> **Problem to solve**: Begin with the first line below and retype each line exactly through the line containing "Игрушка деревянная Mothercare". Any pictures are to be left out.

(Dataset excerpts)
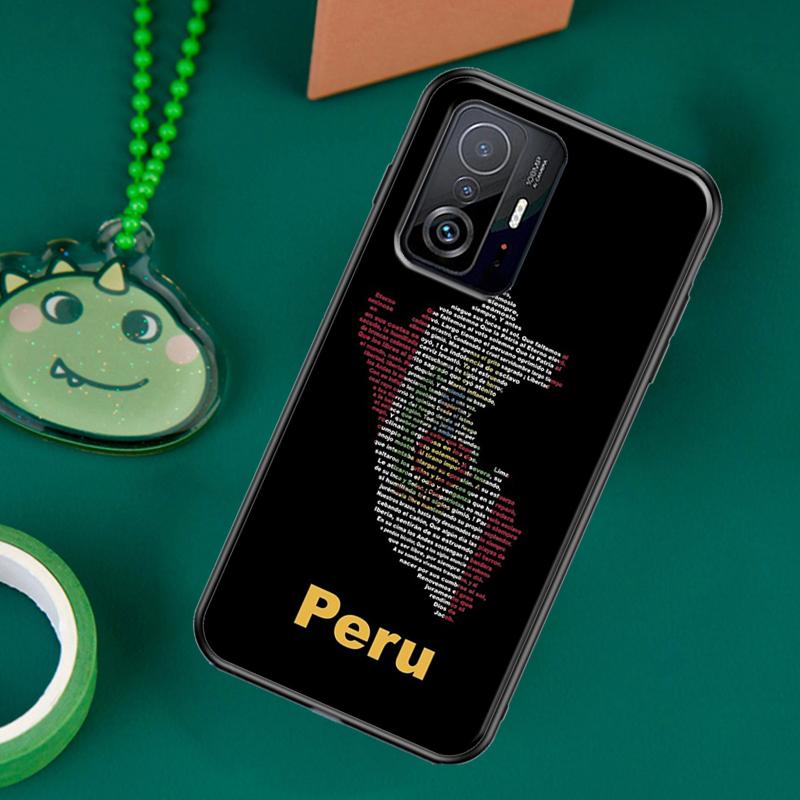 Peru Flag Case For POCO F5 X5 X3 Pro X4 F4 GT F3 M5s C40 Cover For Xiaomi 13 12 Lite 11T 12T Pro 12X
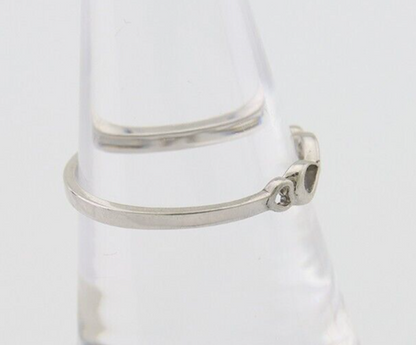 Infinity Heart Promise Ring 925 Solid Silver Size 7.0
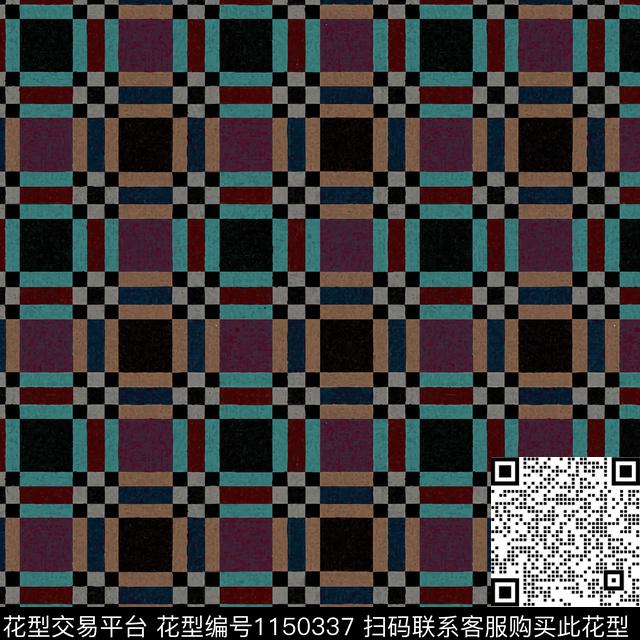 条纹格子骷髅数码印花华亿平台下载（图片编号: 1150337） - 瓦栏（Walan）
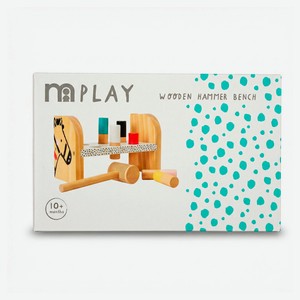 Игрушка деревянная Mothercare Стучалка с молоточком Зебра, 21,5x9x13 см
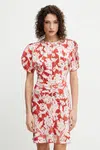Šaty Victoria Beckham růžová barva, mini, 1225WDR006087G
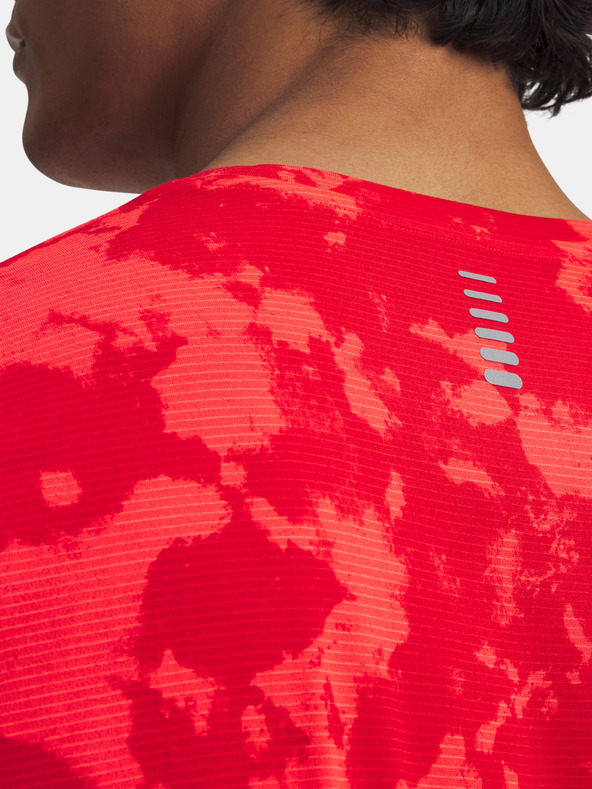 Under Armour Férfi póló Under Armour UA Launch Printed SS-RED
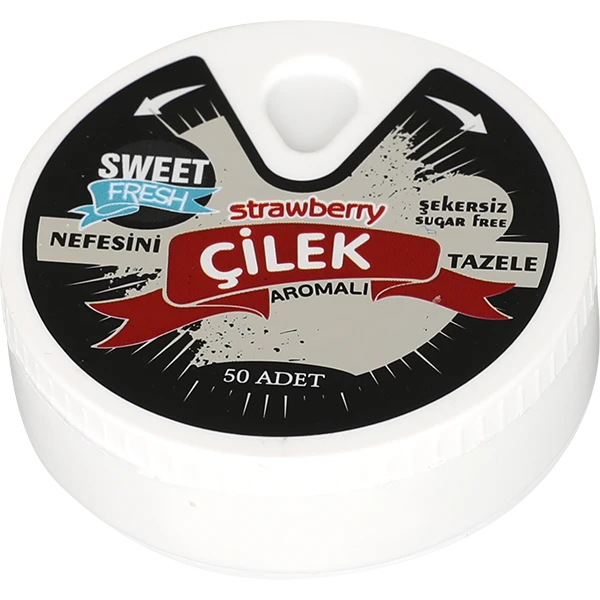 Çilek Aromalı Şekersiz Tablet Şekerleme küçük görsel
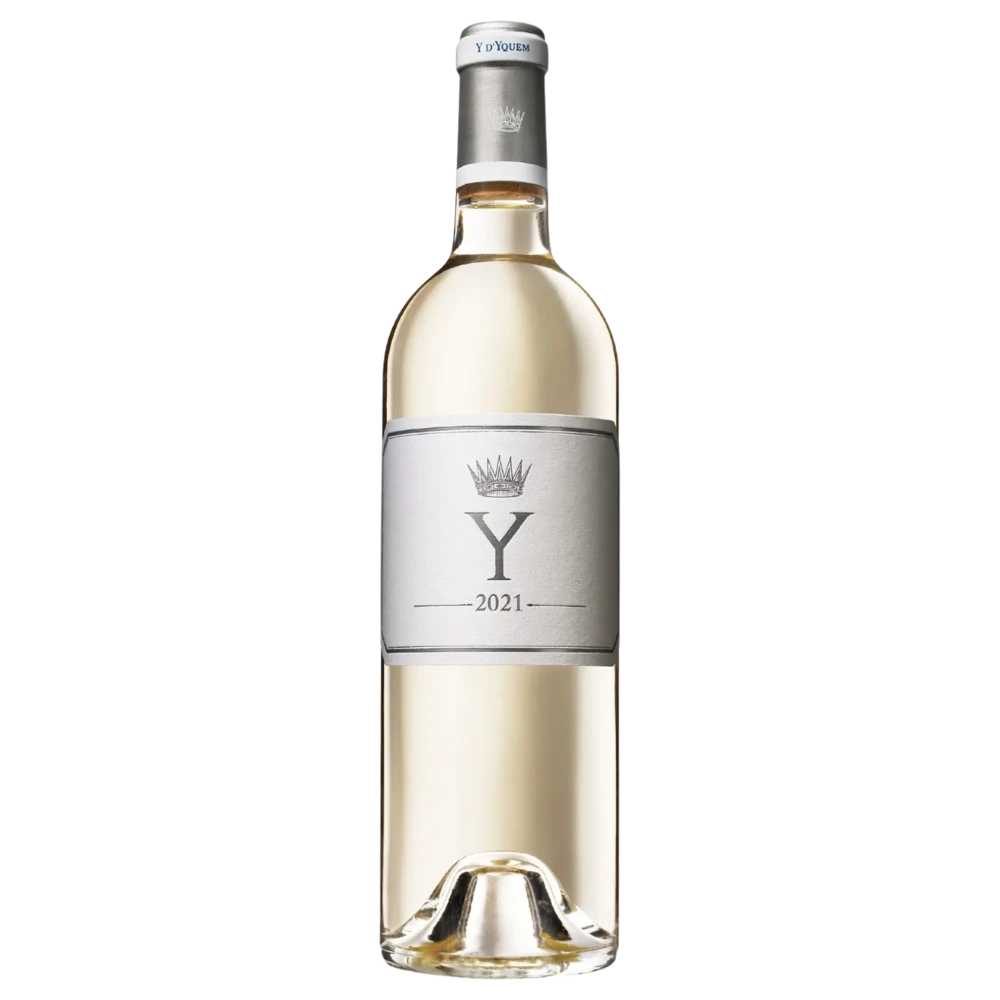A bottle of 2021 Y D'Yquem 3000ml White Wine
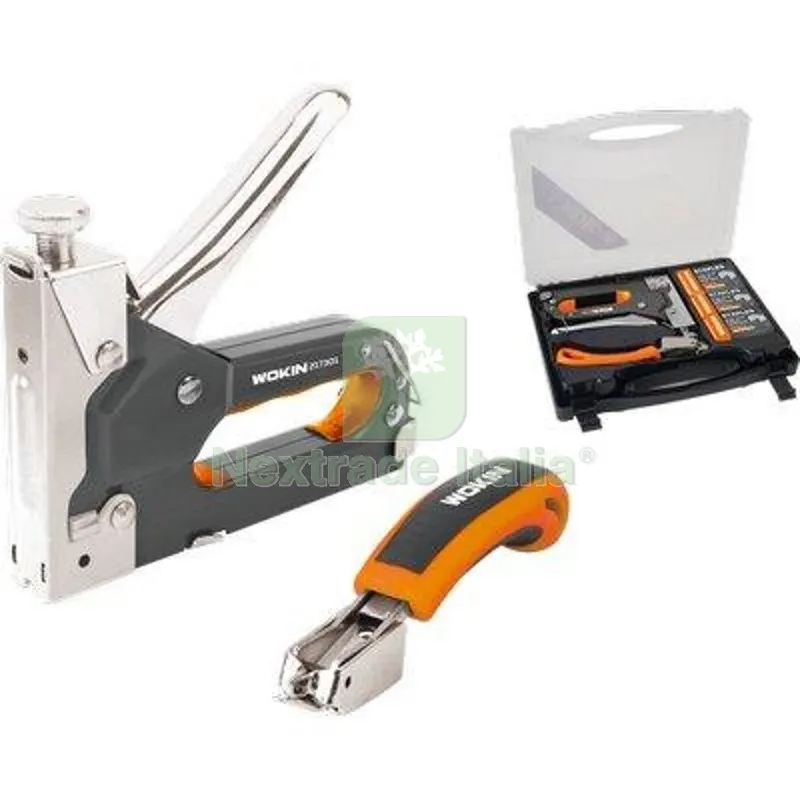 Fissatrice Manuale Kit 217301 Wokin Levapunti + 500 PUNTI+500 CHIODI+500 Punti — Trapani e avvitatori — rif. FERX.VIR7002775 Fissatrice Manuale Kit 217301 Wokin Levapunti + 500 PUNTI+500 CHIODI+500 Punti — Trapani e avvitatori — rif. FERX.VIR7002775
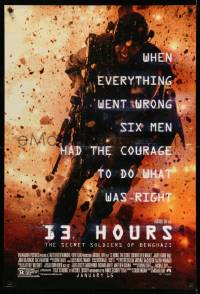 2t049 13 HOURS advance DS 1sh '16 The Secret Soldiers of Benghazi, Michael Bay, combat!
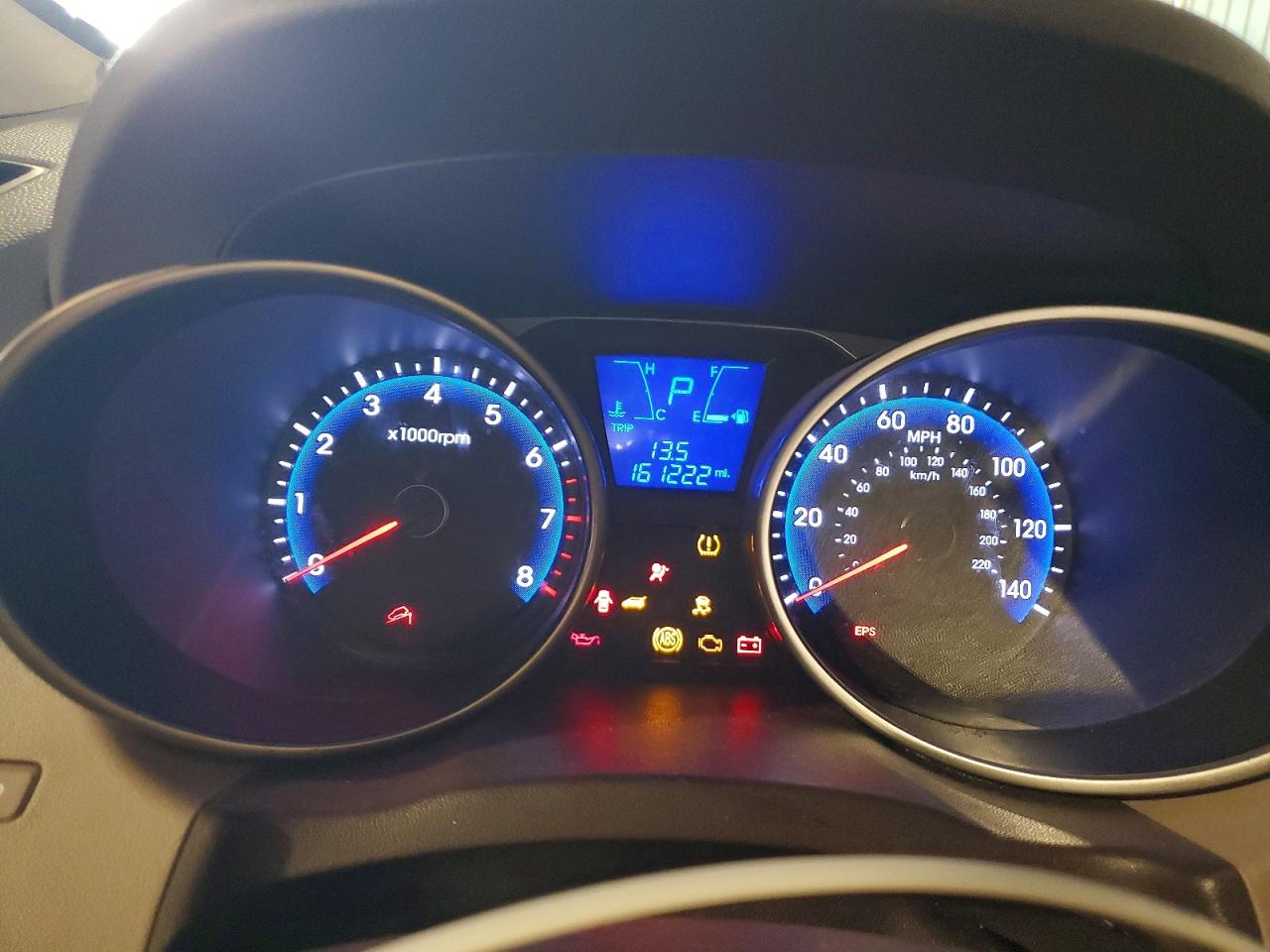 2010 Hyundai Tucson Gls Blue vin: KM8JT3AC7AU113021
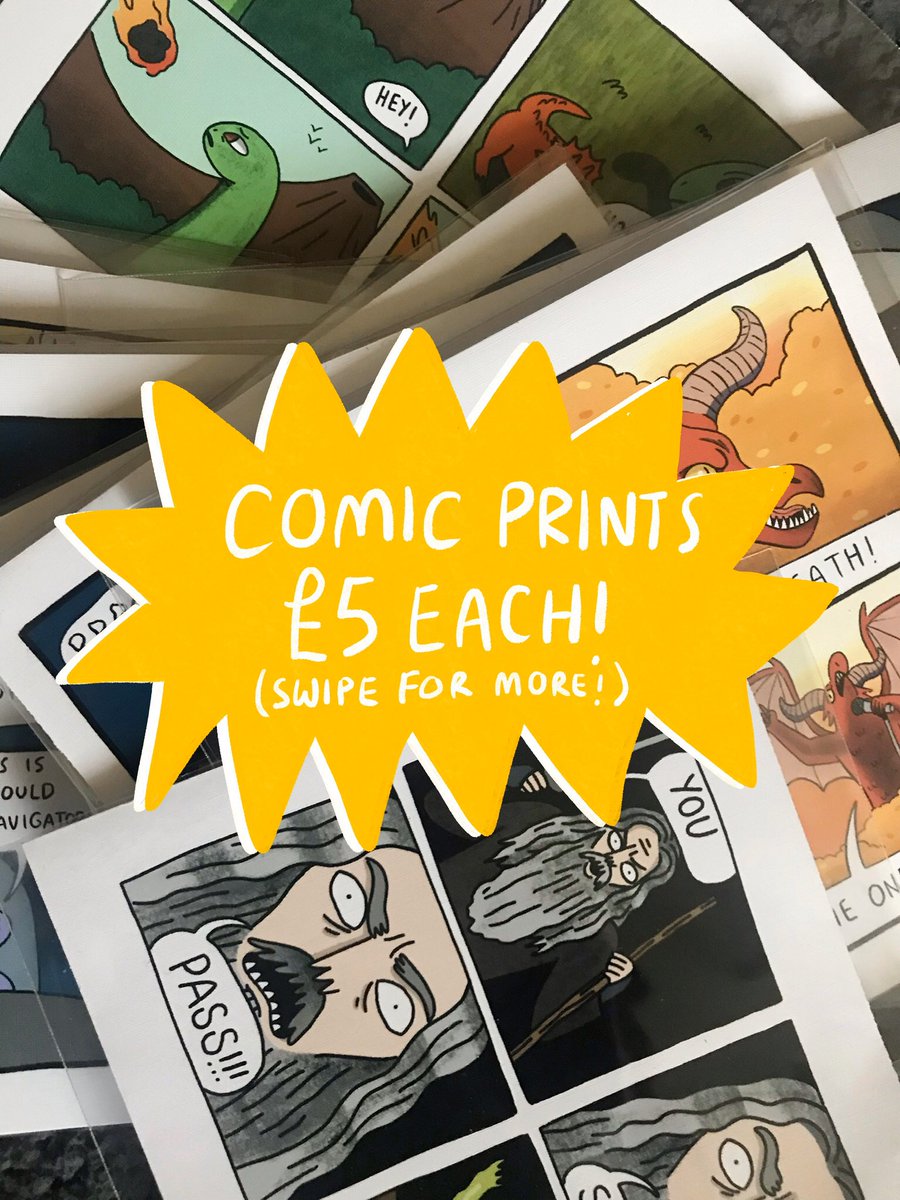 ruthyoungart's tweet photo. Bit short on cash atm so if you fancy purchasing some of my work I’d really appreciate it! Got some comic prints left over from when I tabled at BIF, head over to my Instagram to check em out! 😊 https://t.co/vSC0nUUUZe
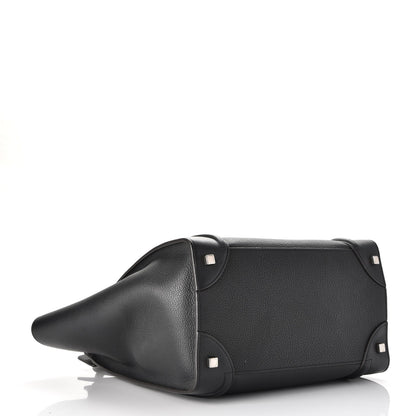 Celine Drummed Calfskin Mini Luggage Black 4 of 15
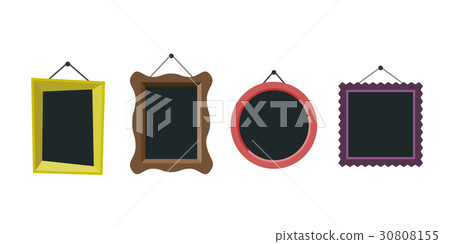 Frames flat icon 30808155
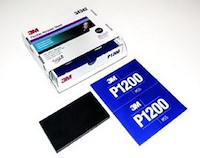 3M Hookit Pads à main flexibles P1200 violet inclue pad en mousse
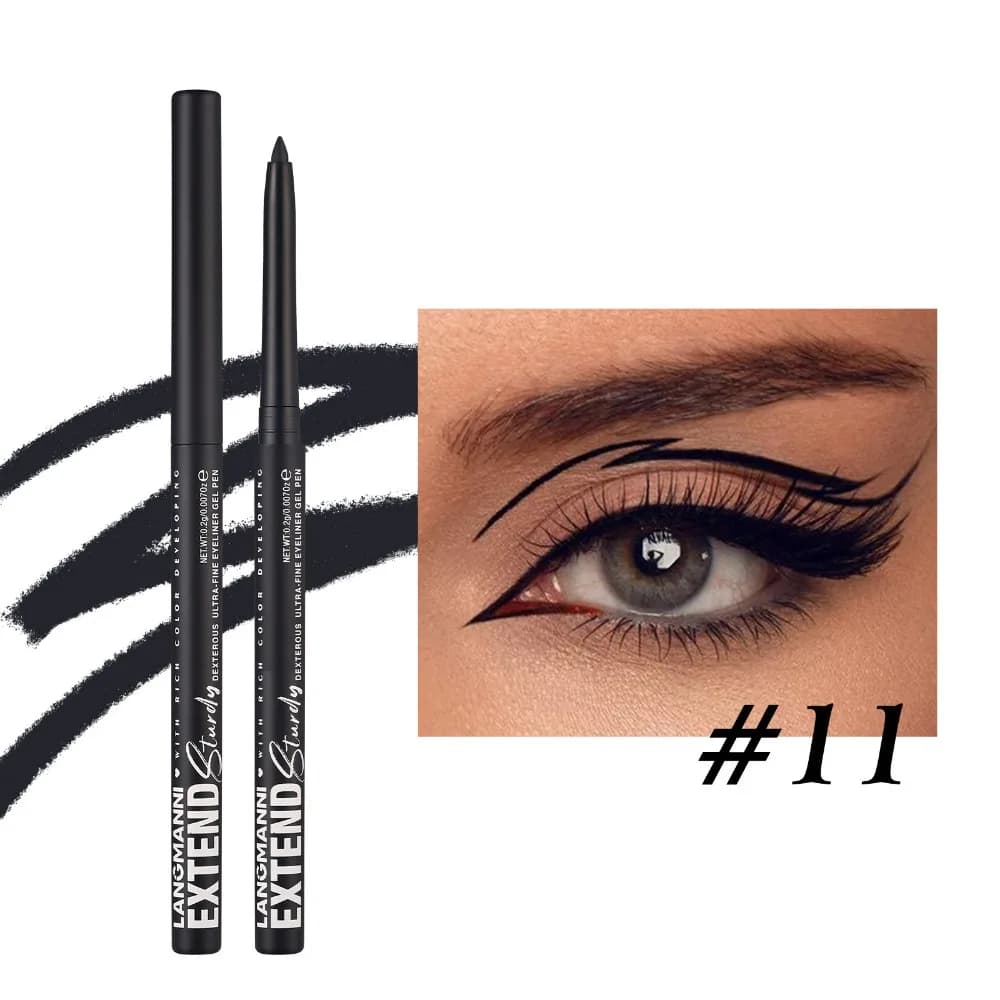 Eyeliner Verde Glitterato a Rapida Asciugatura, Impermeabile, Lunga Durata, Resistente alle Sbavature, Matita per Trucco, Stick Ombretto Effetto Opaco, Stile Punk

> **Written solution**:
 Peru Flag Case For POCO F5 X5 X3 Pro X4 F4 GT F3 M5s C40 Cover For Xiaomi 13 12 Lite 11T 12T Pro 12X
 Infinity Heart Promise Ring 925 Solid Silver Size 7.0
 条纹格子骷髅数码印花华亿平台下载（图片编号: 1150337） - 瓦栏（Walan）
 Игрушка деревянная Mothercare Стучалка с молоточком Зебра, 21,5x9x13 см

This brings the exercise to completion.